Dizem-nos que não sabemos de nada e, de facto, sabemos pouco depois de apagadas as luzes da ribalta. Sentem-se parte de uma grande família e, por isso, falar-lhes de exploração laboral parece-lhes estranho, distinguir patrões de trabalhadores parece-lhes bizarro, mesmo conhecendo todos os efeitos da exaustão e sabendo o que é o desrespeito por regras básicas de saúde e segurança no trabalho. Não sabem muito, talvez nada, de marxismo dialético, mas sentem na pele todas as consequências da intensificação do trabalho com vista à maximização do lucro.
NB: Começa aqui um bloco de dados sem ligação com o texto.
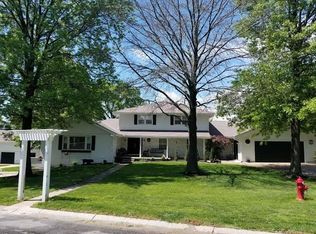 6800 NW Bonnie Ln, Kansas City, MO 64152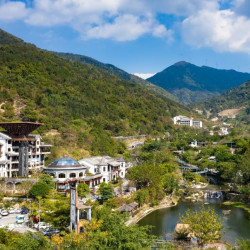 天露山度假区内！暑假周中不加价！广东新兴天露山养生度假酒店 禅缘双床房1晚（双早+天露山+梯田花谷+畅游梅溪小镇+篝火晚会等）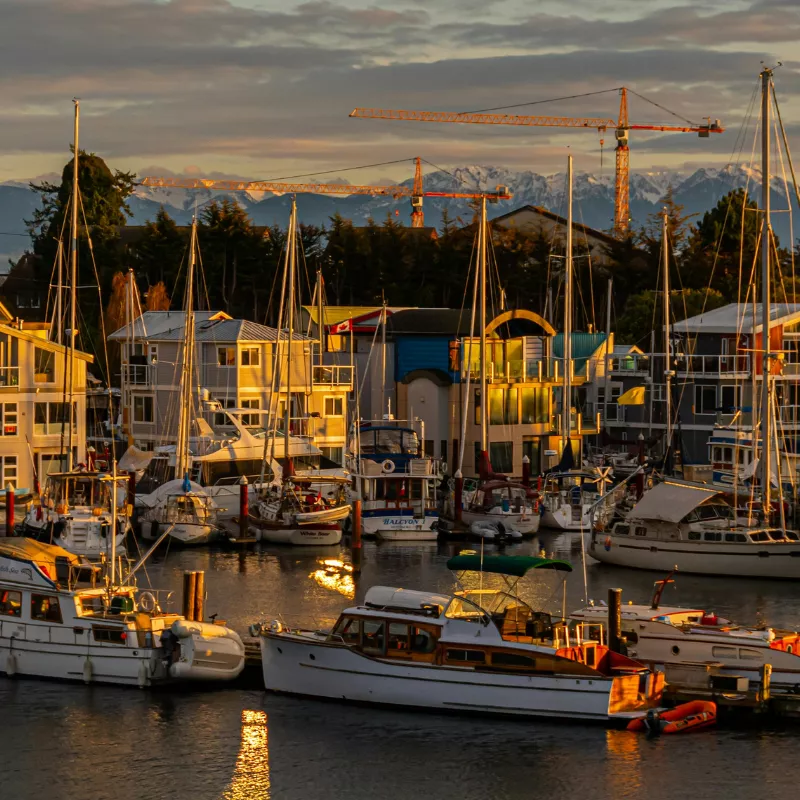 From Coast to Coast to Coast: How Geography Shapes Canadian Identity | Canada Talents - Blog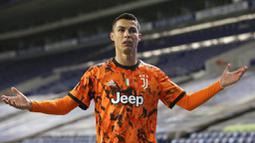 Pada laga tersebut, Si Nyonya Tua tidak saja menderita kekalahan, namun sang megabintang CR7 juga tidak berkutik. (AP Photo/Luis Vieira)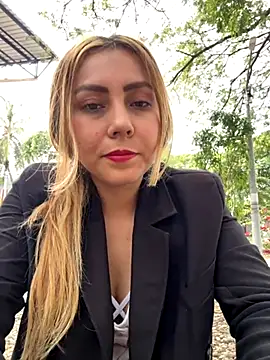 Snapshot of Brittanyrosexx chatting on October 2025 01:18:01 PM Brittanyrosexx online show from October 2025 01:18:01 PM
Por isso mesmo reivindicam apoio estatal para a sua atividade e veem nesse apoio o pressuposto para que possam vir a desenvolvê-la com dignidade e com respeito por direitos laborais e por direitos fundamentais, constitucionalmente consagrados e essa causa só pode merecer solidariedade.
É por isto tudo que uma petição pública “Pela maior regulação e fiscalização da atividade do artista de circo e promoção de políticas públicas culturais que promovam o circo tradicional” é um ato de coragem.
Ouso dizer, e faço-o convictamente, que é mais que merecido que assinemos e apoiemos esta petição.
Falar desta petição é falar de mais um passo contra o esquecimento que é o maior aliado da exploração, é falar de um ato de luta que sendo a luta de uns, como todas as lutas justas será sempre a luta de todos. Que seja agora dado o passo de resgatar saltimbancos da precariedade e da exploração. Que seja agora que deixemos os trabalhadores do espetáculo fora dessa condenação anunciada a um trapézio sem rede.